Doctoral student Aaron Greenwood becomes very animated when he talks about civil engineering.
“It’s in my blood!” he says. “My Dad is a civil engineering, same as my grandfather, my uncle and four cousins. We joke sometimes that we could start our own consulting firm.”
The consulting firm will have to wait, for now. This summer he plans to teach an undergraduate course, Introduction to Transportation Planning Operations and Design, at Georgia Tech. Then, it’s back to his research, which includes collaboration with his advisor, Dr. Michael Hunter, on a GDOT-sponsored study of work zones and a UTC-funded project on traffic control devices.
Greenwood is interested in making highways safer not just through better design but by understanding how drivers interact with, and respond to, their surroundings.
“By pulling from the field of cognitive science, you can see how people react to traffic devices and work zones, and we can measurably do without having to do field testing in a dangerous environment.”
His engineering research seamlessly integrates psychology and computer science into his analysis of interface design and human-machine interactions. The cross-disciplinary approach allows him to develop a more comprehensive analysis of human interactions with the built environment.
“You get a very different perspective from those fields,” he notes. “People in the School of Psychology are very receptive to my work. As engineers, we often get wrapped up in standards and costs, whereas psychologists are concerned with the basic research: how does someone see a dot on the screen.”

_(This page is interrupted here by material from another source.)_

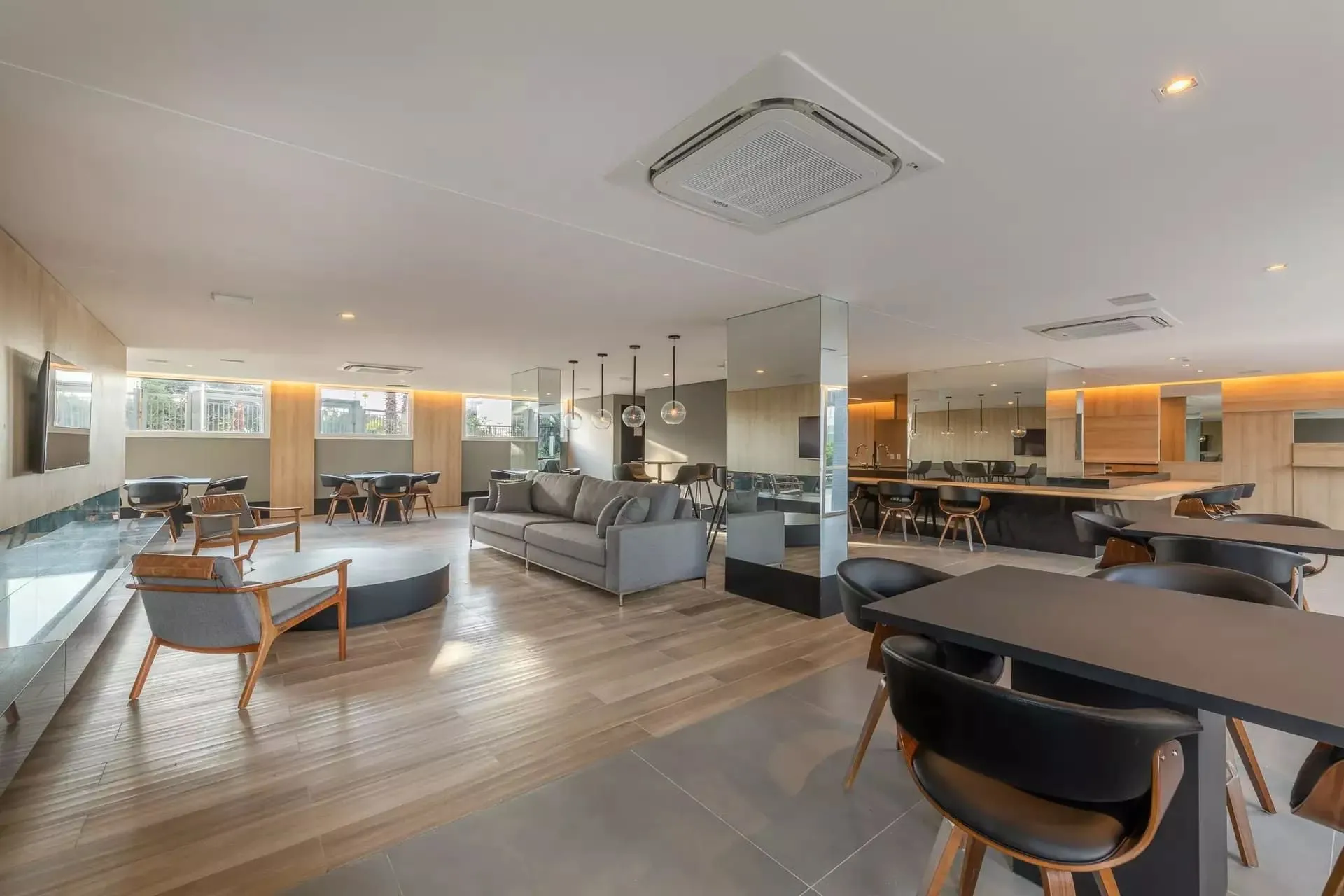 Imagem Apartamento em Jardim Lindóia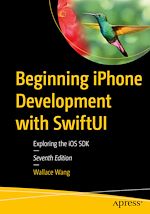 Télécharger le livre :  Beginning iPhone Development with SwiftUI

“You look at a work zone and there’s a lot going on: flashing lights, giant equipment. There’s a lot to distract you. In our field, we’re not quite sure how people start to look around that -- there are theories that have helped, but quantifying that is what I want to focus on.”
Currently Greenwood is working on a few projects, including "Improved Methods for Delineating Diverges in Work Zones" and "Factors Influencing Visual Search in Complex Driving Environments."
As enthusiastic as he is about this trans-disciplinary research, Greenwood is very excited about teaching his first undergraduate class.
“It’s the students’ first chance to learn about transportation planning, road design, and how to accommodate different road users. It’s a great opportunity to get them hooked,” he said. “Transportation hits every aspect of your life. If you’ve done it right, it works. And if it works you don’t worry about it. So, even if those civil engineering students are not going to continue studying transportation, they will still come away from this class as better users of the system in general.”
Greenwood was recently elected president of the GT chapter of the Institute of Transportation Engineers and is also chairing the new Campus Planning Student Advisory Board. Last year, he served as the Vice President of Student Welfare on the Student Government Association, planning the career symposium and working on other career development initiatives.
As for his own career, Greenwood has some very definite plans.“I really like teaching and conducting research at a university,” he says. “Your work has almost an immediate impact on how the system works. As soon as we make our recommendation, it can be implemented. That’s something I really want to keep up.”
That teaching will no doubt include continued consultations with the Georgia Department of Transportation (GDOT) on projects.
“I’m very impressed with their support of research and dedication to improving their system. Government often gets a bad rap for being stodgy, but that hasn’t been my experience with GDOT. They let us know what they want, but they also give us the freedom to answer questions in ways they may not have anticipated.”
“In the senior design process, they are interested in getting involved – sitting down with students, putting in a lot of time with them to help them understand the problems and solutions.”